* **Exercise objective**:
Copy the material below verbatim from the line with "Plus Size Tie" to the line with "SHEIN EZwear 太陽和字母圖案落肩T恤 - 白色 - 查看 3", both lines included, omitting pictures and every line outside that range.

* **Extracted information**:
*-*-*
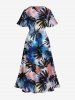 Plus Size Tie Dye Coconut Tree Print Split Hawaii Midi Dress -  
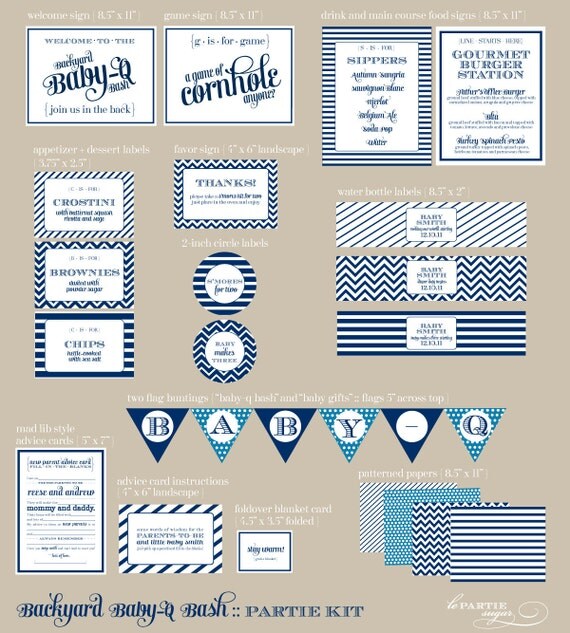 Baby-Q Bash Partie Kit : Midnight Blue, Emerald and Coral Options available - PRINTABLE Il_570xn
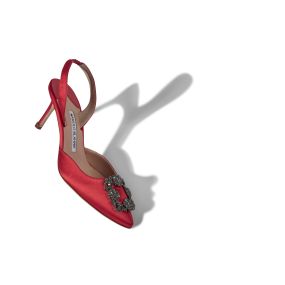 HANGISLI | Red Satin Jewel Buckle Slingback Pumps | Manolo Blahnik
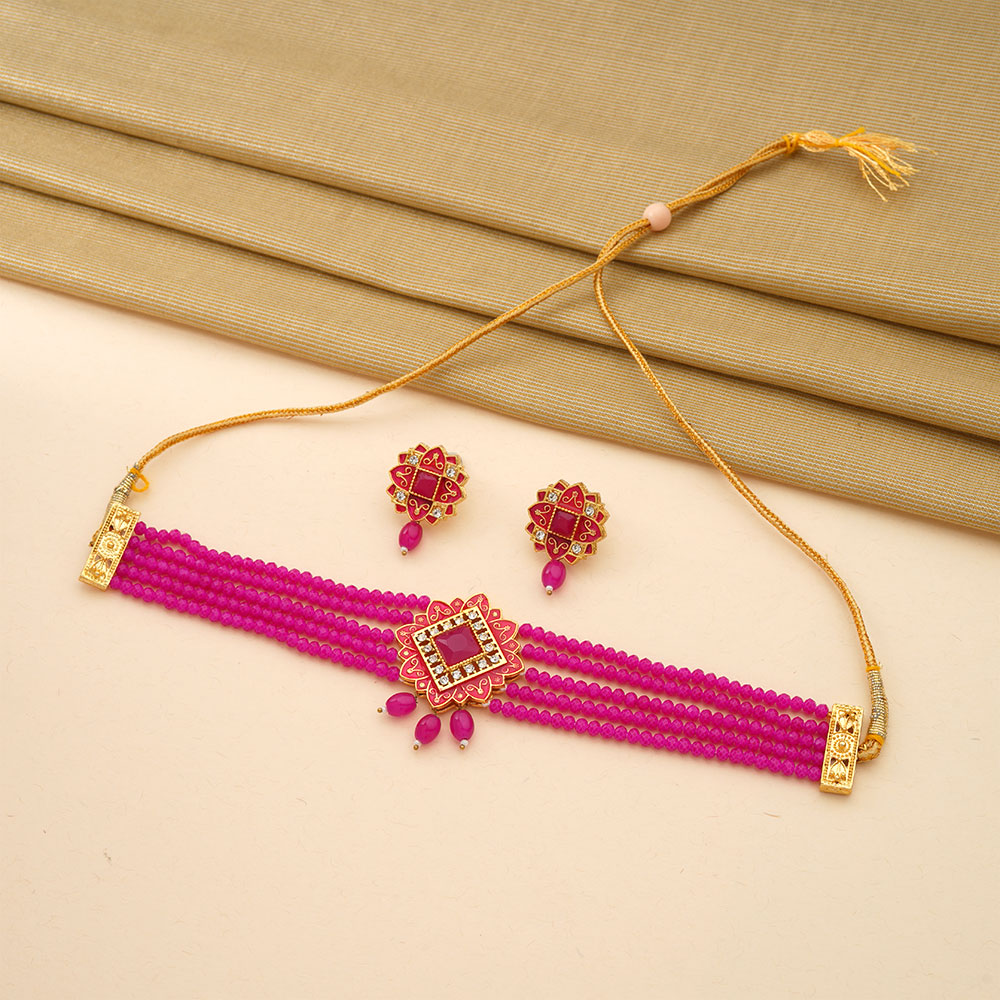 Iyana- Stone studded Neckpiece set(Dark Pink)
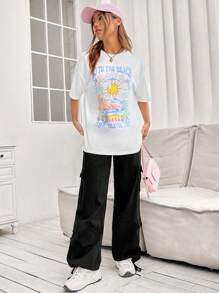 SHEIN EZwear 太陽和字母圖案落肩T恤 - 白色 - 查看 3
*-*-*
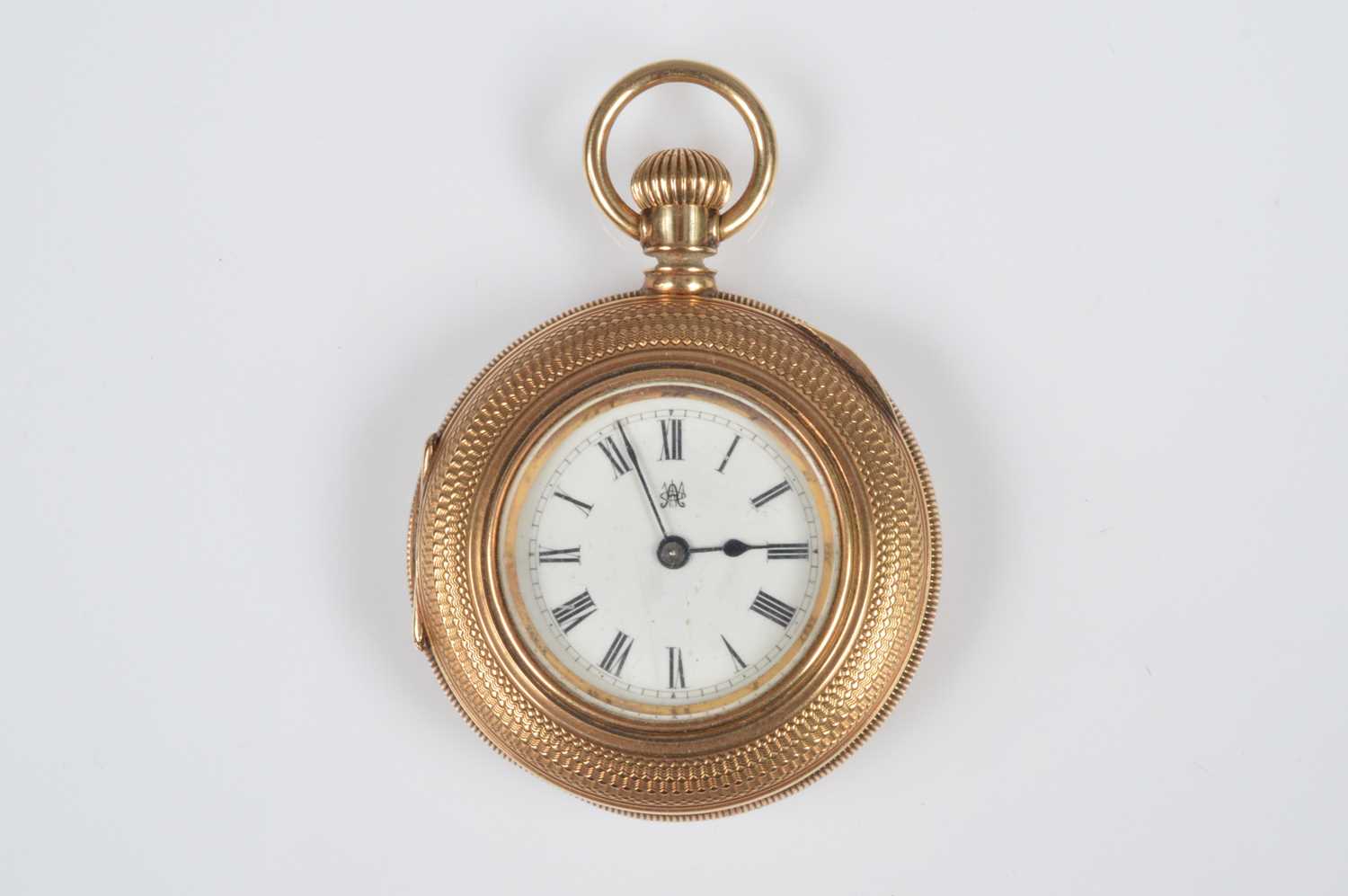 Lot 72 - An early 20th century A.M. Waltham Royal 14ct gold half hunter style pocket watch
*-*-*
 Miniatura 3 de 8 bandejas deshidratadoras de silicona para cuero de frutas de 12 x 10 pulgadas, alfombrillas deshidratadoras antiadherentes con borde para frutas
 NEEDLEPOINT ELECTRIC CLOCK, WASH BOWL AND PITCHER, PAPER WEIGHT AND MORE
*-*-*
* **Result of the exercise**:
 Plus Size Tie Dye Coconut Tree Print Split Hawaii Midi Dress -  
 Baby-Q Bash Partie Kit : Midnight Blue, Emerald and Coral Options available - PRINTABLE Il_570xn
 HANGISLI | Red Satin Jewel Buckle Slingback Pumps | Manolo Blahnik
 Iyana- Stone studded Neckpiece set(Dark Pink)
 SHEIN EZwear 太陽和字母圖案落肩T恤 - 白色 - 查看 3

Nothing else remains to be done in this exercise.